# Face Recognition
- We're going to build a face recognition system.
- Face recognition problem commonly fall into one of two categories :
    1. Face Verificatin : 'Is this the claimed person?' For example, at some airports, we can pass through customs by letting a system scan our passport and then verifying that us (the person carrying the passport) are the correct person. A mobile phone that unlocks using our face is also face verification. This is a 1:1 maching problem.
    2. Face Recognition : 'Who is this person?' For example, the employees entering the office without needing to otherwise identify themselves. This is a 1:K matching problem.
- FaceNet learns a neural network that encodes a face image into a vector of 128 numbers. By comparing 2 such vectors, we can then determine if 2 pictures are of the same person.
- We'll be able to :
    - Differentiate b/w face recognition and face verification.
    - Implement one-shot learning to solve a face recognition problem.
    - Apply the triplet loss functon to learn a network's parameters in the context of face recognition
    - Explain how to pose face recognition as a binary classification problem.
    - Map face images into 128-dimensional encodings using a pretrained model.
    - Perform face verification and face recognition with these encodings.
   
### Channels-last notation :
- We'll be using a pre-trained model which represents ConvNet activations using a 'channels last' convention, as
    - A batch of images will be of shape (m, n_H, n_W, n_C)

# 1. Packages

In [2]:
from tensorflow.keras.models import Sequential
from tensorflow.keras.layers import Conv2D, ZeroPadding2D, Activation, Input, concatenate
from tensorflow.keras.models import Model
from tensorflow.keras.layers import BatchNormalization
from tensorflow.keras.layers import MaxPool2D, AveragePooling2D
from tensorflow.keras.layers import Concatenate
from tensorflow.keras.layers import Lambda, Flatten, Dense
from tensorflow.keras.initializers import glorot_uniform
from tensorflow.keras.layers import Layer
from tensorflow.keras import backend as K
K.set_image_data_format('channels_last')
import os
import numpy as np
from numpy import genfromtxt
import pandas as pd
import tensorflow as tf
import PIL




# 2. Naive Face Verification
- In face verification, we're given 2 images and we have to determine if they are of the same person. The simplest way to do this is to compare the 2 images pixel-by-pixel. If the distance b/w the raw images is below a chosen threshold, it maybe the same person.
![image.png](attachment:image.png)
- This algorithm performs poorly, since the pixel values change dramatically due to variations in lighting, orientiation of the person;s face, mior changes in head position and so on.
- Rather than using the raw image, we can learn an encoding f(img)
- By using an encoding for each image, an element-wise comparison produces a more accurate judgment as to whether 2 pictures are of the same person.
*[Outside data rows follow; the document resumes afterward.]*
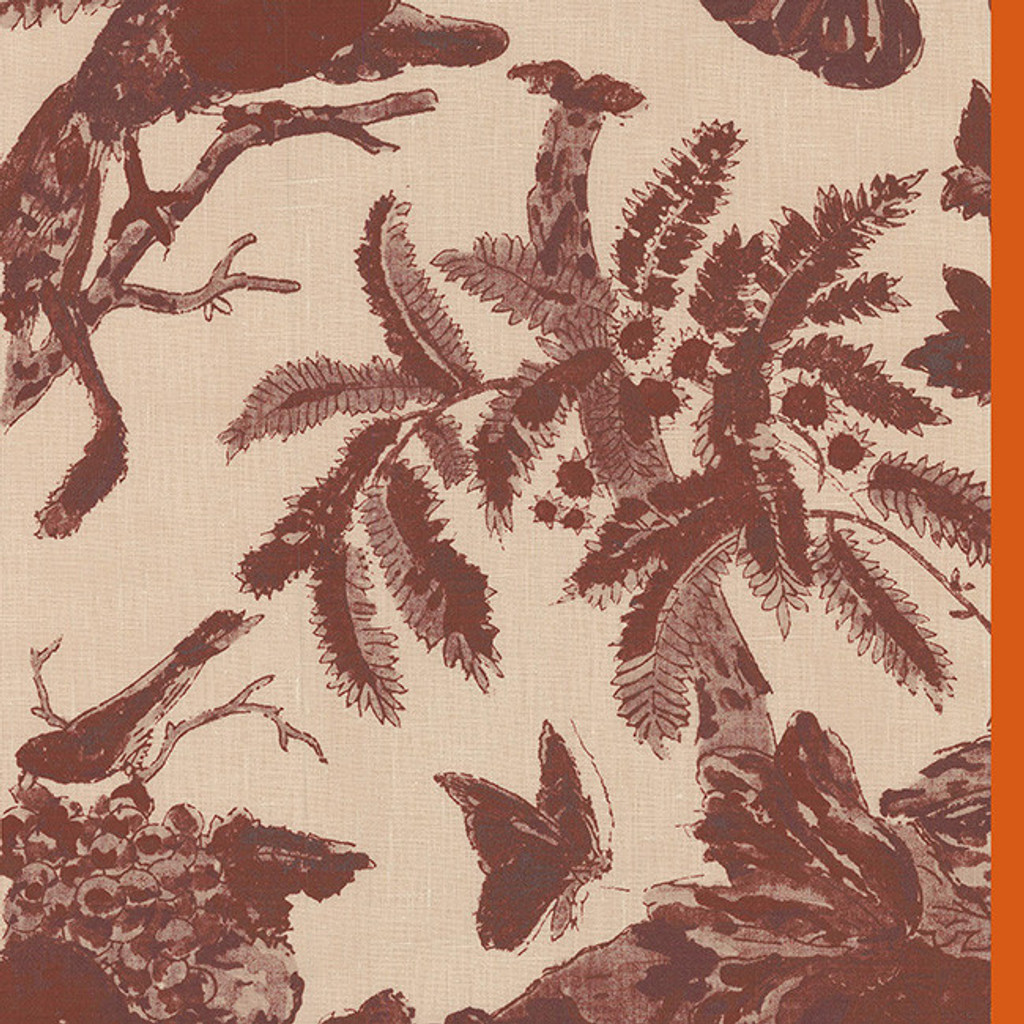 Palampur Parrot in Oxblood on Natural Linen Fabric by the Yard - Michelle Nussbaumer Collection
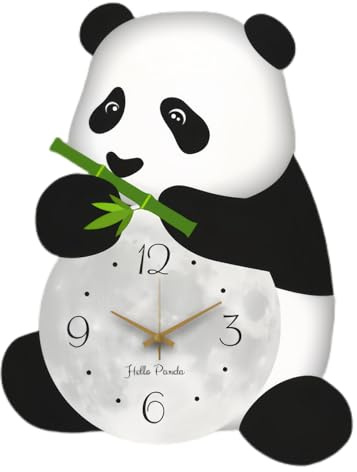 astylishome Orologi da parete insoliti per soggiorno grande panda montato a parete bella decorazione da appendere silenziosa ornamento animale creativo orologio a batteria per camera da letto piccola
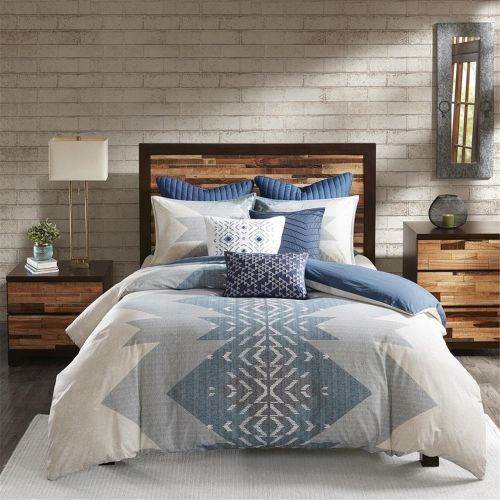  Ink+Ivy Nova Duvet Cover KingCal King Size - Ivory, Blue, Geometric Duvet Cover Set  3 Piece  100% Cotton Light Weight Bed Comforter Covers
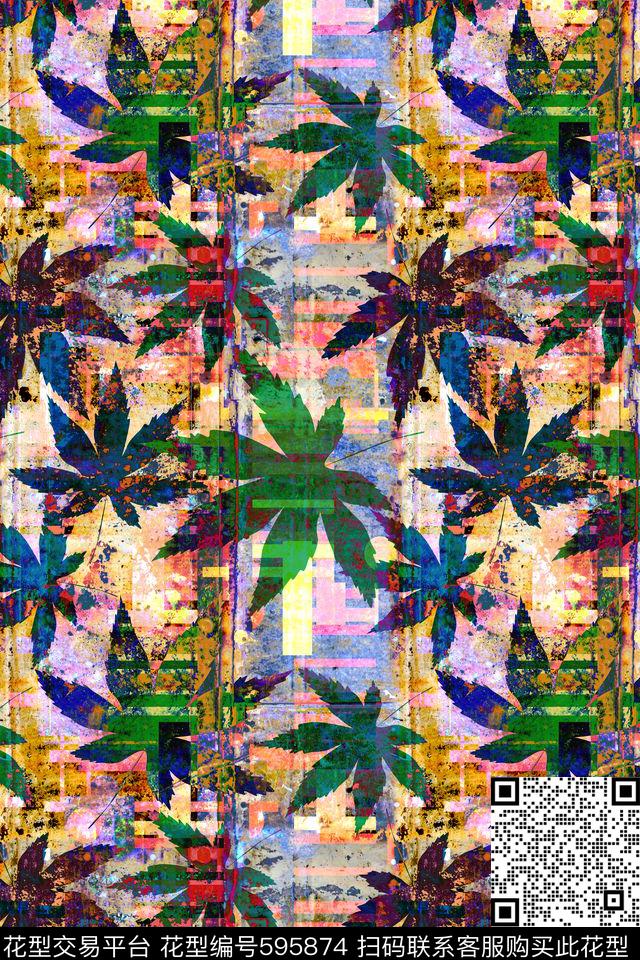 纹理自然条纹数码印花华亿平台下载（图片编号: 595874） - 瓦栏（Walan）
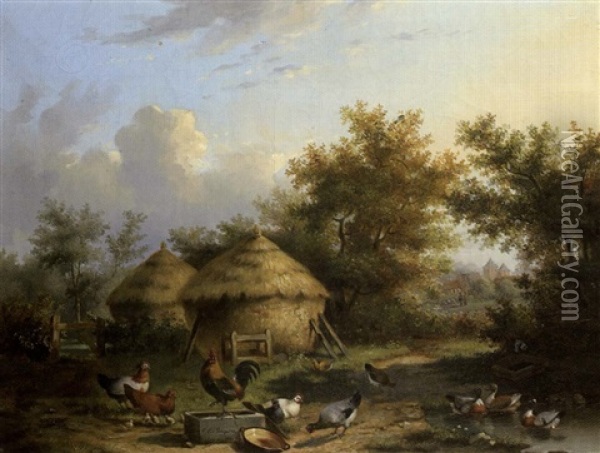 Poules Et Canards Pres D'une Marre Oil Painting - Cornelis van Leemputten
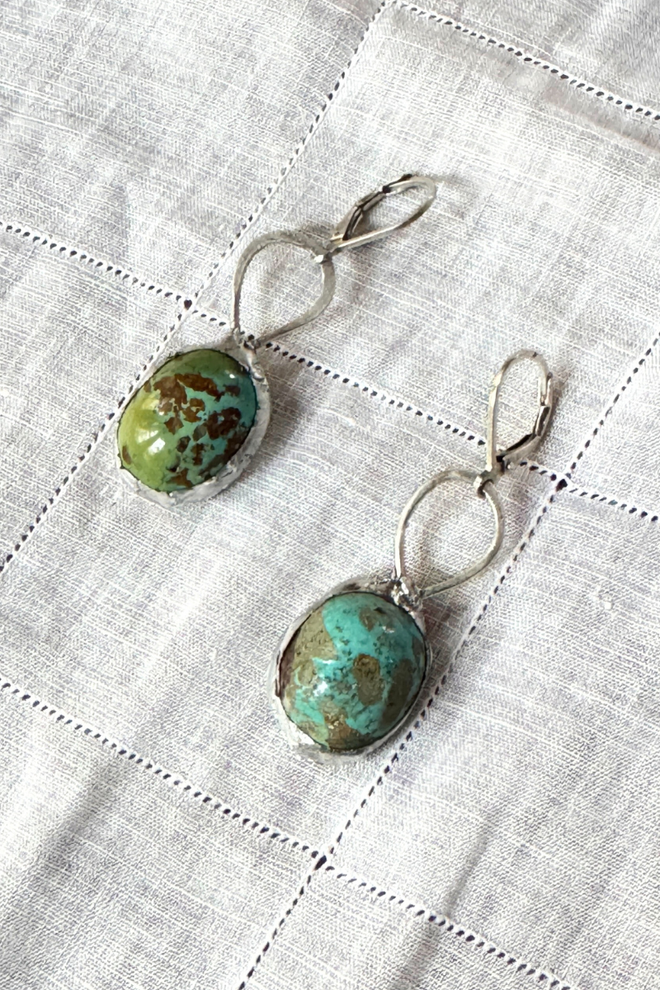 Turquoise Nugget Earrings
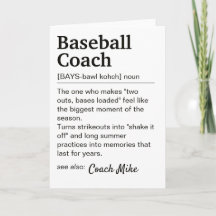 Personlig Tack till Basebolltränare Definition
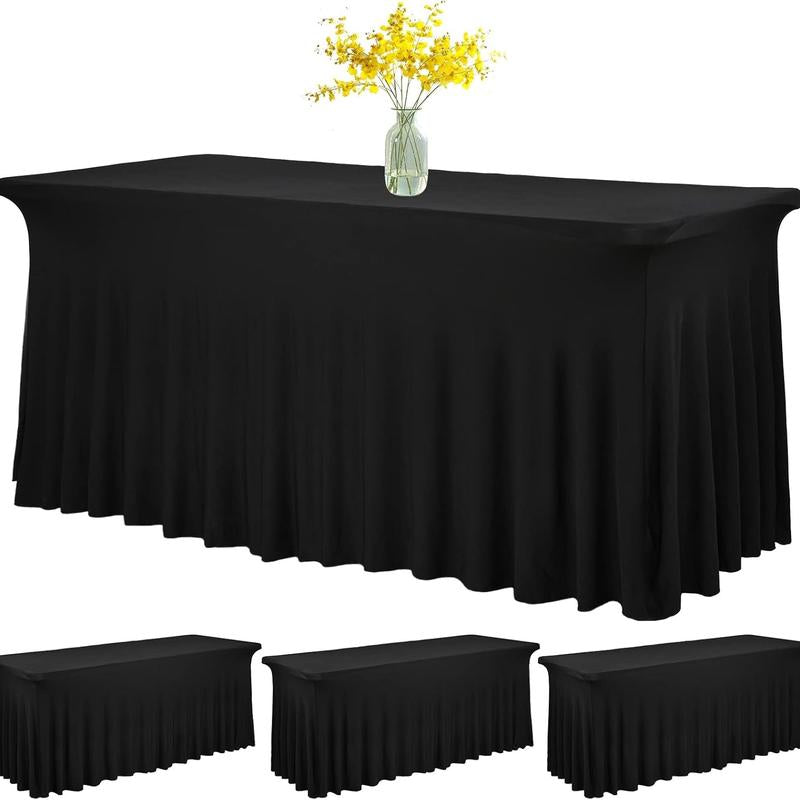 2/3/4/6 Pack Spandex Tablecloth Spandex Table Skirt Fitted Stretch Tablecloth,One-Piece Wrinkle-Resistant Ruffles Design Installs in Seconds,Perfect for Rectangle Tables Banquets Parties Wedding Thanksgiving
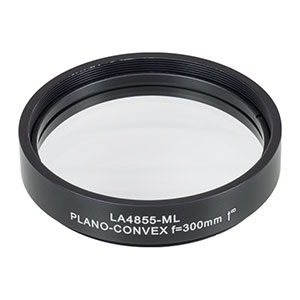 LA4855-ML - Ø2in UVFS Plano-Convex Lens, SM2-Threaded Mount, f = 300.0 mm, Uncoated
# 3. Encoding Face Images into a 128-Dimensional vector
## 3.1 Using a ConvNet to Compute Encodings
- The FaceNet model takes a lot o data and a long time to train. So following the common practice in applied deep learning. We'll load weights that someone else has already trained. The network architecture follows the inception model.
- The key things to be aware of are :
    - This network uses 160x160 dimensional RGB images as its input. Specifically, a face image (or batch of m face images) as a tensor of shape (m, n_H, n_W, n_C) = (m, 160, 160, 3)
- The input images are originally of shape 96x96 thus, we need to scale them to 160x160. This is done in the img_to_encoding() function.
    - The output is a matric of shape (m, 128) that encodes each input face image into 128-dimensional vector.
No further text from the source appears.